高级自动微分#

概述#

在本节中,我们将回顾一些高级 AD 技巧,尤其是它们在电路模拟中的应用。借助这些高级的 AD 技巧,我们可以更高效地评估一些量子量。

高级 AD 在 TensorCircuit 中是可能的,因为我们已经以后端不可知的方式实现了几个与 AD 相关的 API,它们的实现紧密遵循 JAX AD 实现的设计理念。

设置#

[1]:
import numpy as np
import tensorcircuit as tc

K = tc.set_backend("tensorflow")
[2]:
n = 6
nlayers = 3

与后端无关的 AD 相关 API 包括以下:

[3]:
help(K.grad)
help(K.value_and_grad)
help(K.vectorized_value_and_grad)
help(K.vjp)
help(K.jvp)
help(K.jacfwd)
help(K.jacrev)
help(K.stop_gradient)
help(K.hessian)
Help on method grad in module tensorcircuit.backends.tensorflow_backend:

grad(f: Callable[..., Any], argnums: Union[int, Sequence[int]] = 0, has_aux: bool = False) -> Callable[..., Any] method of tensorcircuit.backends.tensorflow_backend.TensorFlowBackend instance
    Return the function which is the grad function of input ``f``.

    :Example:

    >>> f = lambda x,y: x**2+2*y
    >>> g = tc.backend.grad(f)
    >>> g(tc.num_to_tensor(1),tc.num_to_tensor(2))
    2
    >>> g = tc.backend.grad(f, argnums=(0,1))
    >>> g(tc.num_to_tensor(1),tc.num_to_tensor(2))
    [2, 2]

    :param f: the function to be differentiated
    :type f: Callable[..., Any]
    :param argnums: the position of args in ``f`` that are to be differentiated, defaults to be 0
    :type argnums: Union[int, Sequence[int]], optional
    :return: the grad function of ``f`` with the same set of arguments as ``f``
    :rtype: Callable[..., Any]

Help on method value_and_grad in module tensorcircuit.backends.tensorflow_backend:

value_and_grad(f: Callable[..., Any], argnums: Union[int, Sequence[int]] = 0, has_aux: bool = False) -> Callable[..., Tuple[Any, Any]] method of tensorcircuit.backends.tensorflow_backend.TensorFlowBackend instance
    Return the function which returns the value and grad of ``f``.

    :Example:

    >>> f = lambda x,y: x**2+2*y
    >>> g = tc.backend.value_and_grad(f)
    >>> g(tc.num_to_tensor(1),tc.num_to_tensor(2))
    5, 2
    >>> g = tc.backend.value_and_grad(f, argnums=(0,1))
    >>> g(tc.num_to_tensor(1),tc.num_to_tensor(2))
    5, [2, 2]

    :param f: the function to be differentiated
    :type f: Callable[..., Any]
    :param argnums: the position of args in ``f`` that are to be differentiated, defaults to be 0
    :type argnums: Union[int, Sequence[int]], optional
    :return: the value and grad function of ``f`` with the same set of arguments as ``f``
    :rtype: Callable[..., Tuple[Any, Any]]

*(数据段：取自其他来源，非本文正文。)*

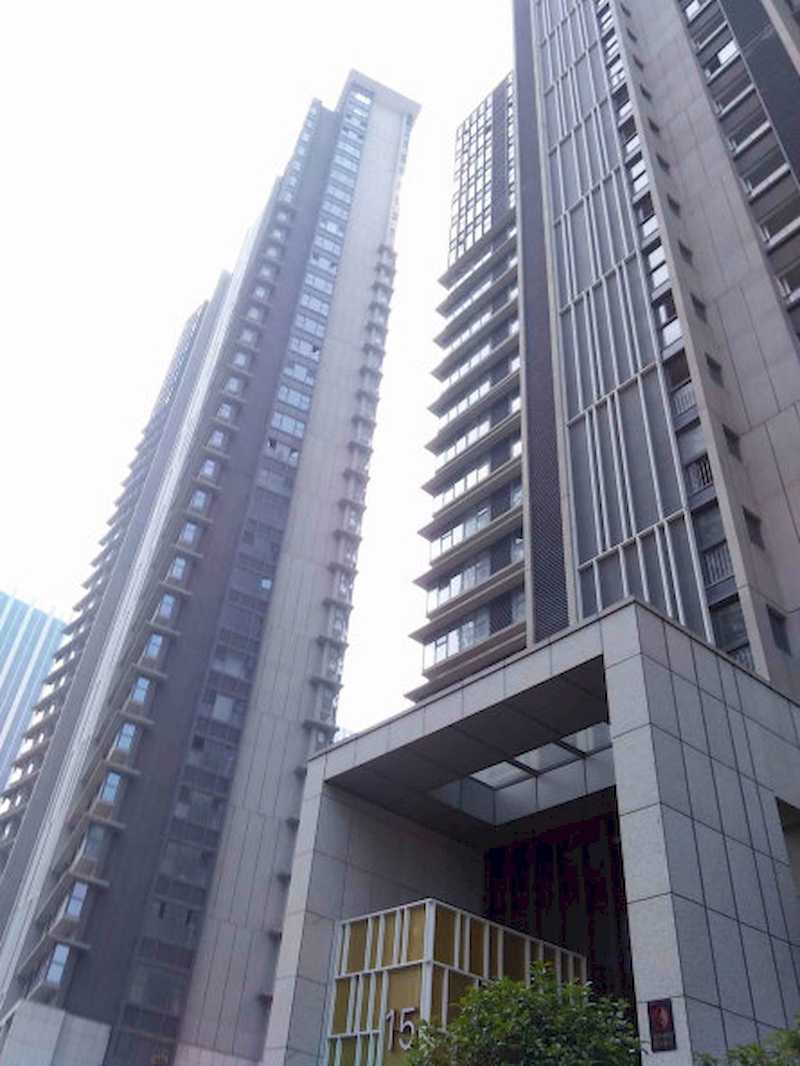 海岸城郦园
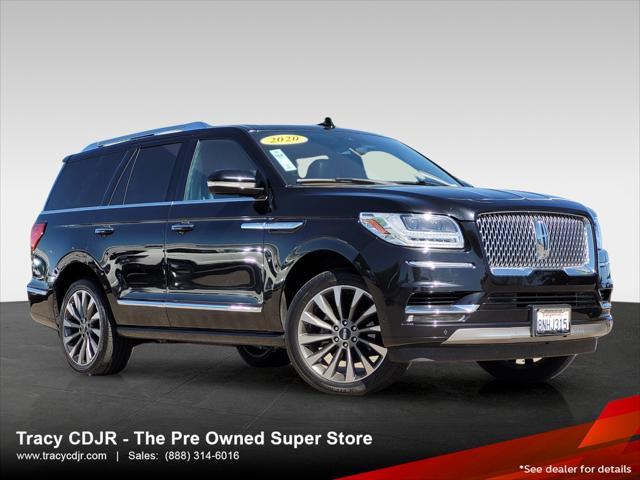 2020 Lincoln Navigator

Help on method vectorized_value_and_grad in module tensorcircuit.backends.tensorflow_backend:

vectorized_value_and_grad(f: Callable[..., Any], argnums: Union[int, Sequence[int]] = 0, vectorized_argnums: Union[int, Sequence[int]] = 0, has_aux: bool = False) -> Callable[..., Tuple[Any, Any]] method of tensorcircuit.backends.tensorflow_backend.TensorFlowBackend instance
    Return the VVAG function of ``f``. The inputs for ``f`` is (args[0], args[1], args[2], ...),
    and the output of ``f`` is a scalar. Suppose VVAG(f) is a function with inputs in the form
    (vargs[0], args[1], args[2], ...), where vagrs[0] has one extra dimension than args[0] in the first axis
    and consistent with args[0] in shape for remaining dimensions, i.e. shape(vargs[0]) = [batch] + shape(args[0]).
    (We only cover cases where ``vectorized_argnums`` defaults to 0 here for demonstration).
    VVAG(f) returns a tuple as a value tensor with shape [batch, 1] and a gradient tuple with shape:
    ([batch]+shape(args[argnum]) for argnum in argnums). The gradient for argnums=k is defined as

    .. math::

        g^k = \frac{\partial \sum_{i\in batch} f(vargs[0][i], args[1], ...)}{\partial args[k]}

    Therefore, if argnums=0, the gradient is reduced to

    .. math::

        g^0_i = \frac{\partial f(vargs[0][i])}{\partial vargs[0][i]}

    , which is specifically suitable for batched VQE optimization, where args[0] is the circuit parameters.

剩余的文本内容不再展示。